Published 15 October 2006

Fakers, Forgers and Phoneys
Magnus Magnusson Mainstream, 416pp, £17.99
ISBN 1845962109

"What a gem!" exclaims Magnus Magnusson, zinging chattily round his rogues gallery of dodgy archaeologists, poet-plagiarists, pseudo-Picassos and pretenders. Only a grouch would begrudge him his fun, even though (like many enthusiasts) he’s sometimes more interested in, than on, his subject: the life and times of 16 famous "scams and scamps".

Magnusson is a genial host even on paper, mixing clear expositions with twinkle-eyed knuckle-raps for the knaves. His writing has a straight-to-TV feel – episodes ask whodunnit or howdunnit rather than why. Complications are relieved by disarming clarifiers such as: "So who was he, this Thomas Chatterton?" And the investigations employ more avuncular clichés than a Crimewatch copper.

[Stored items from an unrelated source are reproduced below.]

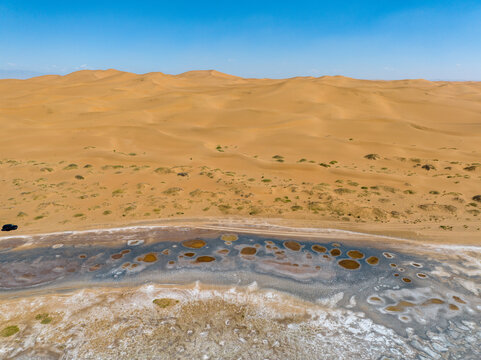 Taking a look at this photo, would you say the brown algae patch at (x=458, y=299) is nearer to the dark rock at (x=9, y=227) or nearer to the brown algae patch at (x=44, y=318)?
the brown algae patch at (x=44, y=318)

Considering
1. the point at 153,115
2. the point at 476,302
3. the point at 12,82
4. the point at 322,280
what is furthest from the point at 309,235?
the point at 12,82

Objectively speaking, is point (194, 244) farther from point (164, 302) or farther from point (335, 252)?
point (335, 252)

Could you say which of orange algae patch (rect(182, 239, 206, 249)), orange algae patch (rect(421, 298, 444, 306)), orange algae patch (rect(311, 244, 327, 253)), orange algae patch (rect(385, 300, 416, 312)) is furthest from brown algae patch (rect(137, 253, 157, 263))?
orange algae patch (rect(421, 298, 444, 306))

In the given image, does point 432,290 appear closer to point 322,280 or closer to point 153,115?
point 322,280

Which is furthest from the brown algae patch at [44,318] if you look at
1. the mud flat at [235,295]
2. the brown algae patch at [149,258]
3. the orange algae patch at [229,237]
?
the orange algae patch at [229,237]

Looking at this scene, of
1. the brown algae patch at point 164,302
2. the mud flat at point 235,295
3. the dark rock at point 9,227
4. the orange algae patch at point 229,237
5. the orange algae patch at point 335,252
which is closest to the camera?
the mud flat at point 235,295

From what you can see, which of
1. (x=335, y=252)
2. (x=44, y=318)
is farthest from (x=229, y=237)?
(x=44, y=318)

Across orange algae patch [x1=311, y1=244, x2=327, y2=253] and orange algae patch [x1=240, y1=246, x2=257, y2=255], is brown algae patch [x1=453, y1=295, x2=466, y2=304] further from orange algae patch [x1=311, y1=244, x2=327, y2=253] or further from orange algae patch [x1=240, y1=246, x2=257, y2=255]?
orange algae patch [x1=240, y1=246, x2=257, y2=255] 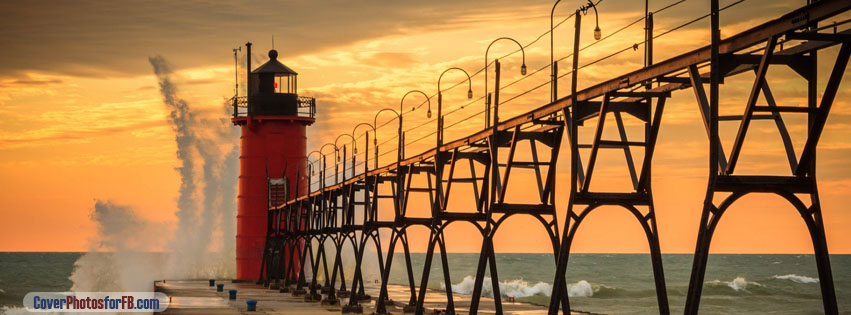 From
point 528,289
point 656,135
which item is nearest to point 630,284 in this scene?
point 528,289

Yet the absence of interviewees can leave the literary chronicles as colourless as CVs that list the publication dates but not the poetry. Iolo Morganwg, a visionary and a prolific one-man-mythology for Wales, is "splendidly quotable" – but you’ll have to ransack the appendix to find one of his triads. Despite this, though, and the fact that the episodic format is a bit repetitive and lacks a wide-angle on the whole, Fakers, Forgers and Phoneys (the series) would be well worth setting the VCR for.